** Opening Entries supplied block **

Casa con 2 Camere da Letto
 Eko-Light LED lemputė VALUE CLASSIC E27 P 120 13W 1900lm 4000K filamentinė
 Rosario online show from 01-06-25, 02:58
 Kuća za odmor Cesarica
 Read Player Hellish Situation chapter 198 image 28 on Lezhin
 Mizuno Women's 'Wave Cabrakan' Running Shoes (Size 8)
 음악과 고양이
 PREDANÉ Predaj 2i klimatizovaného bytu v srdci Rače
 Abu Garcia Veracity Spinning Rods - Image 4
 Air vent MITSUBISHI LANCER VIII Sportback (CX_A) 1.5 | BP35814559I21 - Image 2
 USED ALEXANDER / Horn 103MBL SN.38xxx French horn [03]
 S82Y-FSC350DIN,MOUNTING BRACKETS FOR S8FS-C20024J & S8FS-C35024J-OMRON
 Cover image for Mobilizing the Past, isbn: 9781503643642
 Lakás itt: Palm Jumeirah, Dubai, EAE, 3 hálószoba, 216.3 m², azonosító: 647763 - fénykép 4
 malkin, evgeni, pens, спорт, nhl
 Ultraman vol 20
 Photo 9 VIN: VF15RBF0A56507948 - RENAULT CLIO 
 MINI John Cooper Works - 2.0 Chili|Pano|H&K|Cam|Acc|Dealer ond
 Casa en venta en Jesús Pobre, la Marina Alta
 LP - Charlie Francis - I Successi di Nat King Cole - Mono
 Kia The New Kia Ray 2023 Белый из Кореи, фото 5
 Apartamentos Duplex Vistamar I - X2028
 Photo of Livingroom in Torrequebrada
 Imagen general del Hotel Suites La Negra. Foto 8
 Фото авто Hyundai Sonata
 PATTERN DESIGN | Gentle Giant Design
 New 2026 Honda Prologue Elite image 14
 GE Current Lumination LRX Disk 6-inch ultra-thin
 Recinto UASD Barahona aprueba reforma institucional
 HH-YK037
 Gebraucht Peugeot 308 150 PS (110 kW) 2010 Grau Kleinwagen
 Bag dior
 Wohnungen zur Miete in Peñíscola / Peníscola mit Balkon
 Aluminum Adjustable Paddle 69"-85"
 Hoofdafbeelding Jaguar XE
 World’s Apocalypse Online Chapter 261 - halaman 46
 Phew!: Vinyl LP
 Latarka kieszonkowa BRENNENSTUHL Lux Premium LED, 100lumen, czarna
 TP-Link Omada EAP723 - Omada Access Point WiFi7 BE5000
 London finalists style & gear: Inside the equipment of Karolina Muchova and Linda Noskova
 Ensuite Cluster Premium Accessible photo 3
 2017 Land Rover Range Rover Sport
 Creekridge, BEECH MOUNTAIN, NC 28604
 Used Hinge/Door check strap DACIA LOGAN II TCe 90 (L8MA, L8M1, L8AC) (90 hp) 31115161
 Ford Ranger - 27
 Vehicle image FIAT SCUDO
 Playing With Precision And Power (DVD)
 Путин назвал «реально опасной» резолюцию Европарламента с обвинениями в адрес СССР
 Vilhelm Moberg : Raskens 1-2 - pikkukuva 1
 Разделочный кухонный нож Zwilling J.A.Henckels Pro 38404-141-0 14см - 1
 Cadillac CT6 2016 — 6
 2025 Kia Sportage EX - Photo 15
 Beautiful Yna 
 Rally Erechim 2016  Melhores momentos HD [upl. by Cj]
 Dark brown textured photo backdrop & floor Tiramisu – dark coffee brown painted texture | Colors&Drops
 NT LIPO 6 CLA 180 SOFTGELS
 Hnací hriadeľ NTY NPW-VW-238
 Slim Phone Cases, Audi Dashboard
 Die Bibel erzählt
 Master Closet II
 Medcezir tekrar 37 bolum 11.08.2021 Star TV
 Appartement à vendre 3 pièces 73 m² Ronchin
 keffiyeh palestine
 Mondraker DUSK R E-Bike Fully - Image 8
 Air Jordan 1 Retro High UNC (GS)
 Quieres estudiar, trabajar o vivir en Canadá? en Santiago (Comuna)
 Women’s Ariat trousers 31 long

** Closing Entries supplied block **

▸ **To do**: Show the lines from the data above that contain the string "Casa".

▸ **Task result**:
Casa con 2 Camere da Letto
 Casa en venta en Jesús Pobre, la Marina Alta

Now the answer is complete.